• grands moments de solitude 85 (tome 2)

                                                             Monsieur Garabédian

            

             Le directeur de l’agence de publicité Réclama était ce qu’on appelle communément « une crème ». Un quinquagénaire arménien au sourire paternel qui chouchoutait ses employés  — dont j’avais le privilège de faire partie. Avertie par un ami commun qu’un poste de graphiste venait de se libérer, je m’étais présentée à l’entretien d’embauche avec mon bébé d’un an sur les bras. Ça aurait rebuté n’importe quel patron ; pas lui. Il fit guili-guili à Frédéric, Frédéric éclata de rire, et ils devinrent les meilleurs amis du monde.

             Un mois plus tard, quand je touchai mon premier salaire, il comportait une prime «  jouet »  qui me toucha au-delà de tout.

             Réclama, dès lors, devint le royaume d’un petit prince turbulent qui l’emplit sans scrupule de son encombrante présence. Le personnel était à son service, les locaux à sa disposition. Ses langes séchaient sur le balcon, et il n’était pas rare de le voir débouler, à quatre pattes et le cul nu, dans le bureau du directeur, tandis que ce dernier recevait un client.

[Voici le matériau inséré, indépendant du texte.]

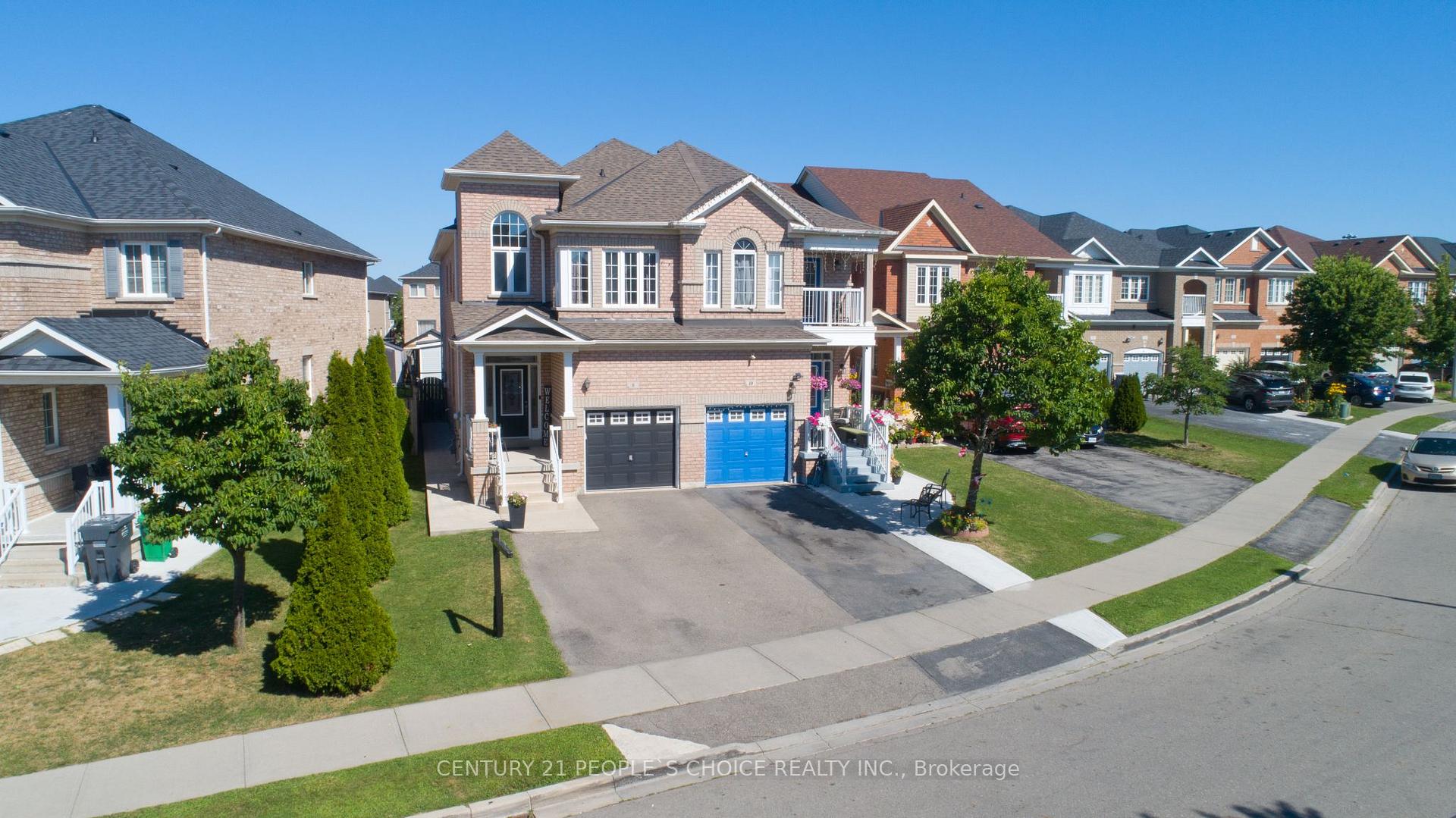 Photo 1 of 8 Calm Waters Crescent, Brampton, Madoc — HOMEH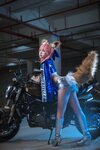 [Cosplay] 二佐Nisa FGO 玉藻前赛车娘 [29P-336MB]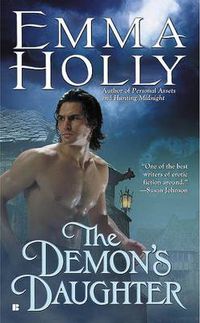 Cover image for The Demon's Daughter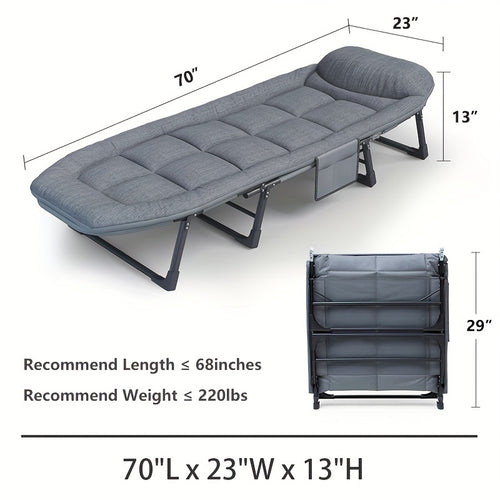  Folding Camping Cot cashymart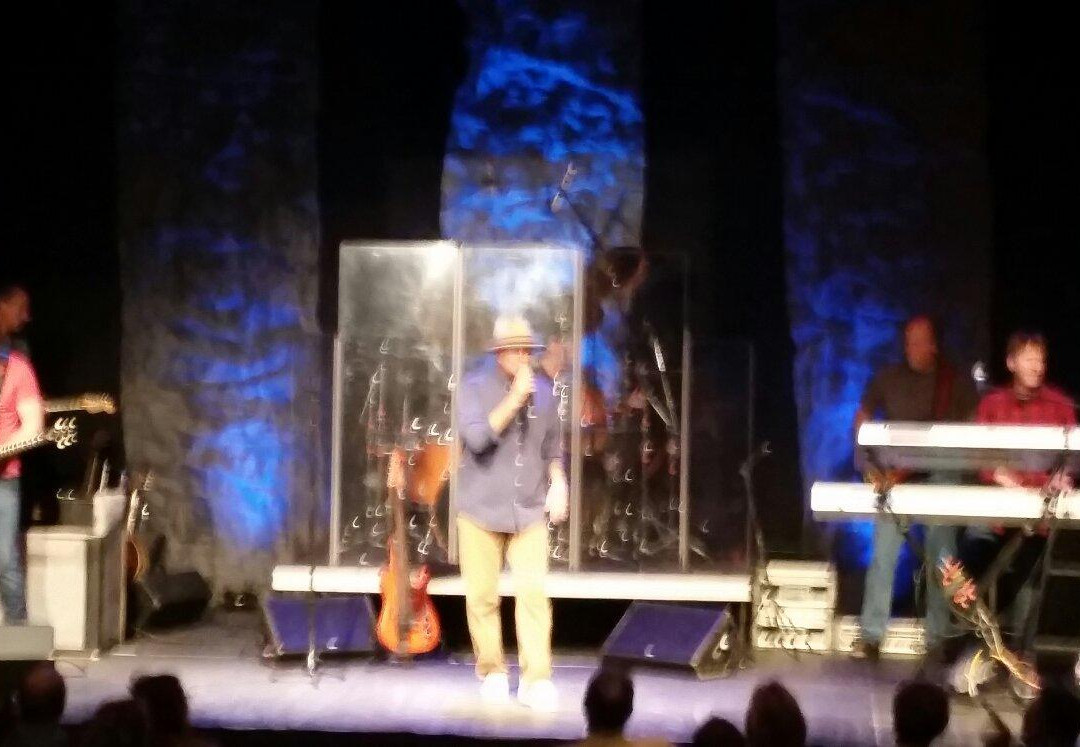 One World Theatre-奥斯丁必去景点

             Jamais monsieur Garabédian n’eut un mot malheureux ou un geste d’agacement quand le trublion rampant l’interrompait au beau milieu d’une transaction, ou grimpait sur ses genoux lorsqu’il était en conférence. A tel point qu’inconsciente comme on l’est à vingt ans, je ne songeais même pas à intervenir pour empêcher mon fils de semer la zizanie.

             Bref, tout baignait, jusqu’à ce fameux vendredi d’avril où ma collègue, une brunette du nom de Mariza, me recommanda, à peine arrivée :

             — Ne laisse pas sortir Frédéric de ton bureau, aujourd’hui !

             — Pourquoi ?

             — La femme du patron vient de rentrer de Paris et elle n’est pas commode.

             — Ah ? Tu crois que mon fils risque de la déranger ?

             — Je ne le crois pas, j’en suis sûre. Elle déteste les enfants.

              Prudente, je me conformai à ses sages directives et m’enfermai à clé,  avec Fred qui crapahutait à mes pieds tandis que je rédigeais les annonces-presse du jour.

             J’étais si absorbée que je ne fis pas gaffe quand il commença à puer. Puis l’atmosphère devint irrespirable et force me fut de me résigner à le changer. Périlleuse entreprise : l’époque n’était pas encore aux couches jetables ni aux lingettes nettoyantes ! Après un récurage plus qu’approximatif,  j’abandonnai le  chieur dans mon bureau désert pour courir aux toilettes rincer son lange souillé. Mais, dans ma hâte, plutôt que d’en secouer le contenu sur les WC, j’utilisai le lavabo — ce qui boucha le siphon

             Quelques instants plus tard, un hurlement aigu ébranlait l’immeuble.

             ­­— Qu’est-ce que c’est que cette horreur ? Toufiiiik ! Toufiiiiik !

             — Oui, habibté *? fit la douce voix de monsieur Garabédian.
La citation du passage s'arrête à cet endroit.